RECORDS SHOWN:
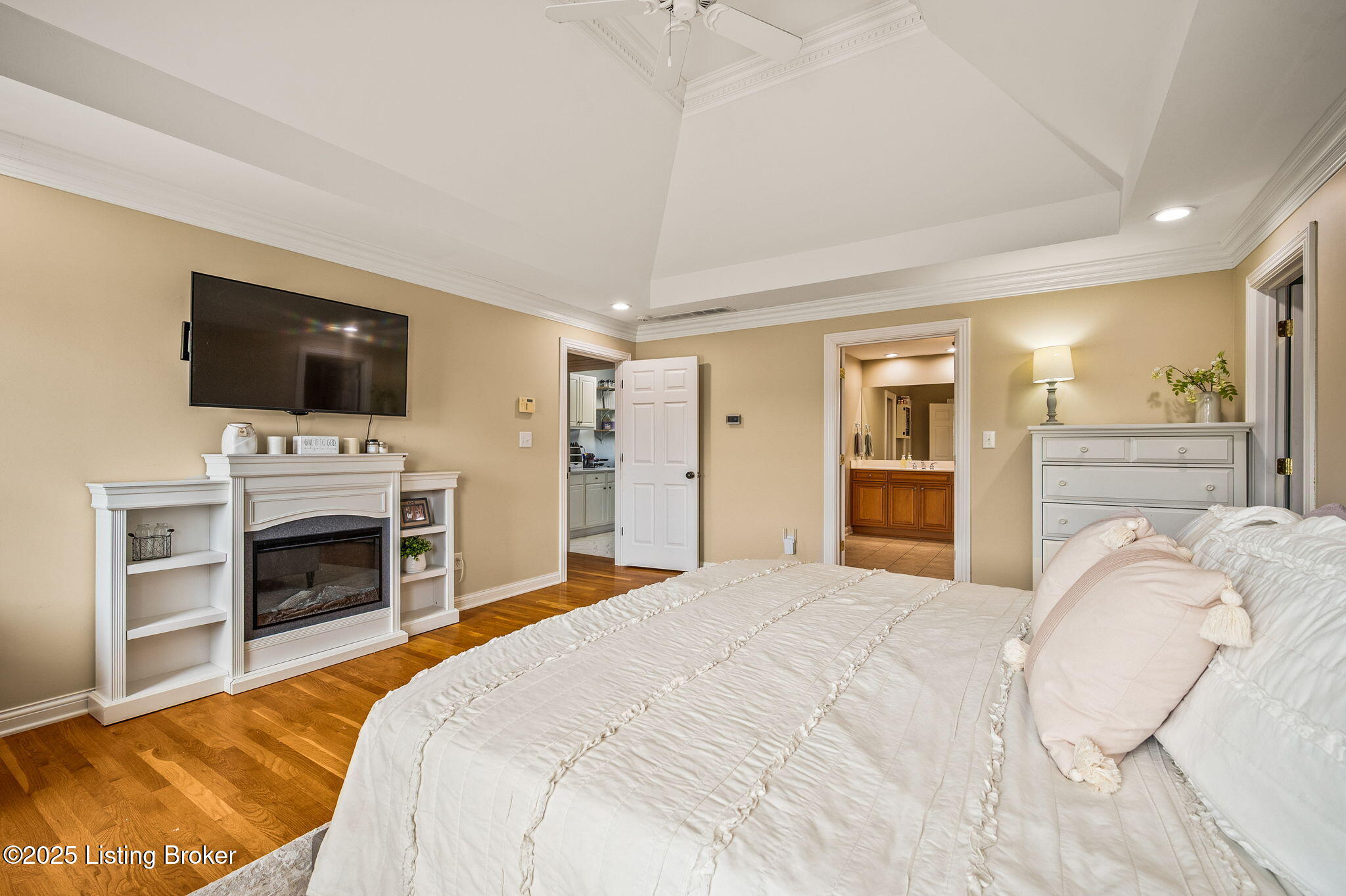 12803 Ridgemoor Drive Prospect, KY 40059 - Photo 26 of 62 Primary Bedroom
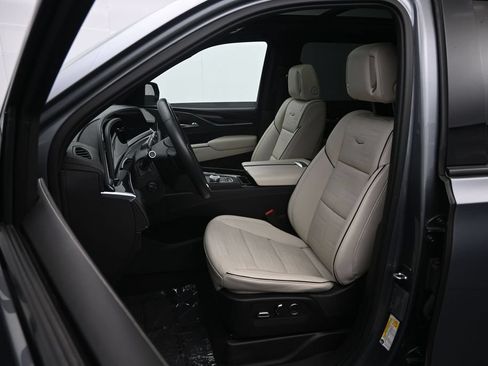 Used 2021 Cadillac Escalade ESV Sport w/ Driver Assist Tech Package AWD/4WD image 20
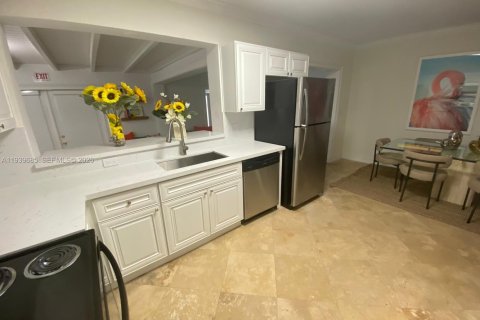 Casa en alquiler en Biscayne Park, Florida, 3 dormitorios № 1997154 - foto 8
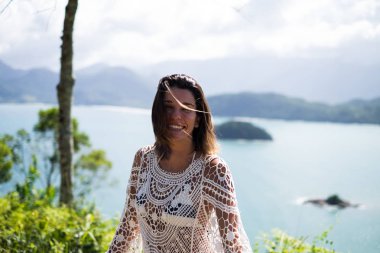 Kız Picinguaba, Rio de Janeiro, Brezilya bir bakış açısı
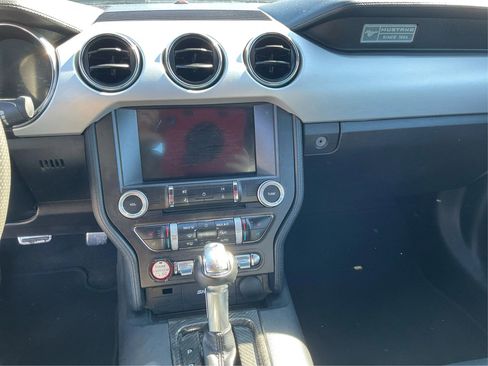 Used 2016 Ford Mustang Premium image 12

WHAT IS REQUIRED: Your answer must be the entries repeated exactly, with no pictures.

WRITTEN REPLY:
 12803 Ridgemoor Drive Prospect, KY 40059 - Photo 26 of 62 Primary Bedroom
 Used 2021 Cadillac Escalade ESV Sport w/ Driver Assist Tech Package AWD/4WD image 20
 Casa en alquiler en Biscayne Park, Florida, 3 dormitorios № 1997154 - foto 8
 Kız Picinguaba, Rio de Janeiro, Brezilya bir bakış açısı
 Used 2016 Ford Mustang Premium image 12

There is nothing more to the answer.